Points come from multiple sources. An untreated LDL above 325 mg/dL scores 8 points on its own. Having a first-degree relative (parent, sibling, or child) who developed heart disease before age 55 for men or 60 for women adds points. Physical signs like tendon xanthomas score 6 points, and a corneal arcus before age 45 scores 4. A confirmed genetic mutation in one of the three known genes scores 8 points and is considered definitive.
Genetic testing isn’t always necessary for a diagnosis, but it offers clarity in borderline cases. It’s also valuable for another reason: once a mutation is identified in one family member, it becomes a precise tool for screening relatives.
Screening Your Family
When one person is diagnosed with FH, doctors recommend cascade screening, a systematic process of testing relatives. It starts with first-degree family members: parents, siblings, and children. If an affected parent is identified, screening expands to that entire side of the family, including cousins. Each new case found through this process becomes the starting point for screening their own relatives.
Cascade screening can be done with a simple cholesterol blood test, genetic analysis, or both. Genetic testing improves accuracy significantly. About 20% of family members who carry an FH mutation have only modestly elevated LDL that wouldn’t raise red flags on a standard blood test. Without genetic confirmation, those cases get missed. If you have a parent or sibling diagnosed with FH, getting screened yourself is one of the most straightforward steps you can take.
When to Start Testing Children
Children with a family history of early heart disease or known FH can be screened for high cholesterol as early as age 2. Lipid screening can be performed at any age once a high-risk condition is identified in the family. For FH specifically, early detection is especially valuable because treatment during childhood prevents decades of arterial cholesterol buildup. An LDL above 160 mg/dL in a child with a family history is a strong signal.

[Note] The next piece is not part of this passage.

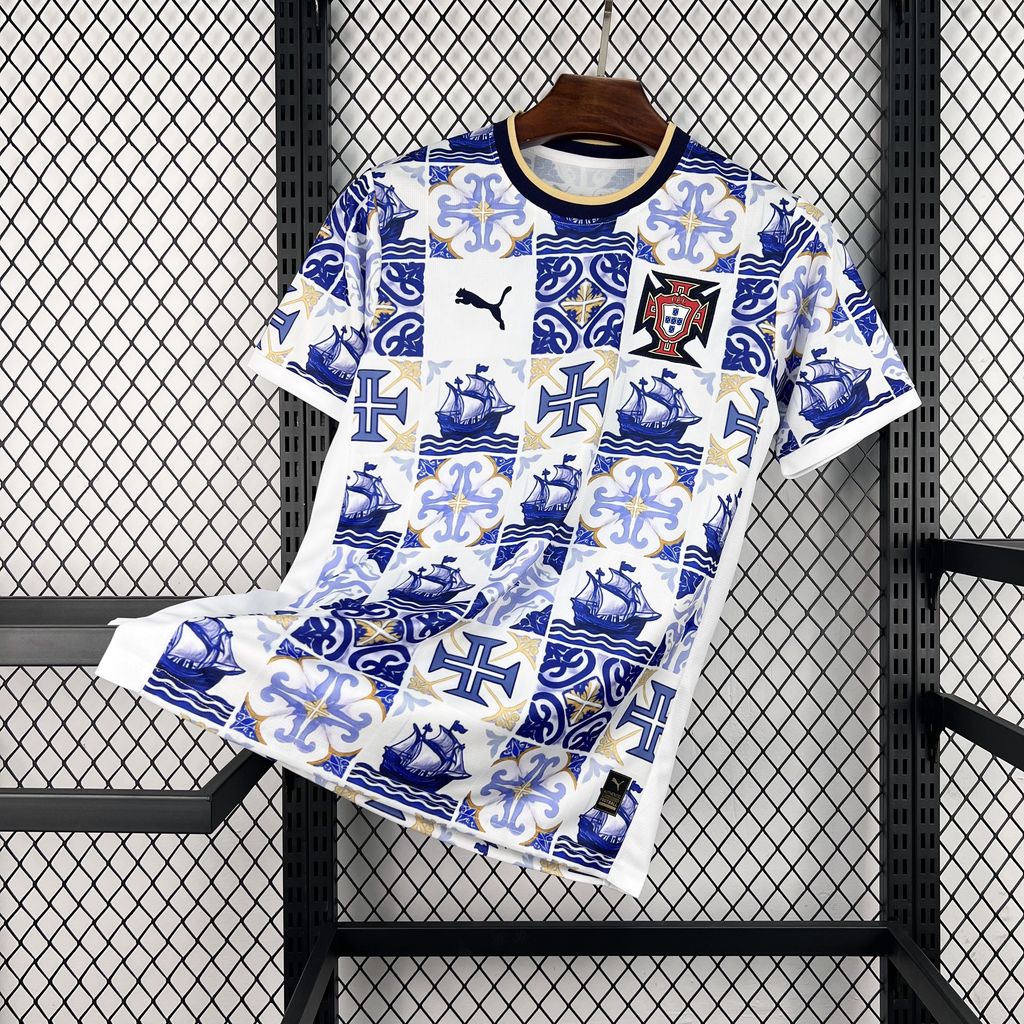 2026 Portugal Atlantic Blue Special Edition Football Shirt image 1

Treatment for Genetic High Cholesterol
Lifestyle changes like diet and exercise matter for everyone with high cholesterol, but they’re rarely enough on their own when genetics are the primary driver. Someone whose liver receptors are genetically impaired at clearing LDL will still have high levels even on an ideal diet. Medication is almost always part of the plan.
Statins remain the foundation of treatment and are typically started early. For people who don’t reach their target LDL on statins alone, a newer class of injectable medications called PCSK9 inhibitors can make a substantial difference. In clinical trials involving FH patients, PCSK9 inhibitors reduced LDL by an average of 49%, with some studies showing reductions of 57% to 62%. These medications work by blocking a protein that normally degrades LDL receptors on liver cells, essentially helping the liver do the job that the genetic mutation impairs.
The goal of treatment is to lower LDL early enough and aggressively enough to prevent the cardiovascular events that untreated FH so reliably causes. People with FH who start treatment in their 20s face a very different outlook than those diagnosed after their first heart attack at 45. That gap between early and late treatment is why awareness of genetic cholesterol matters as much as the treatment itself.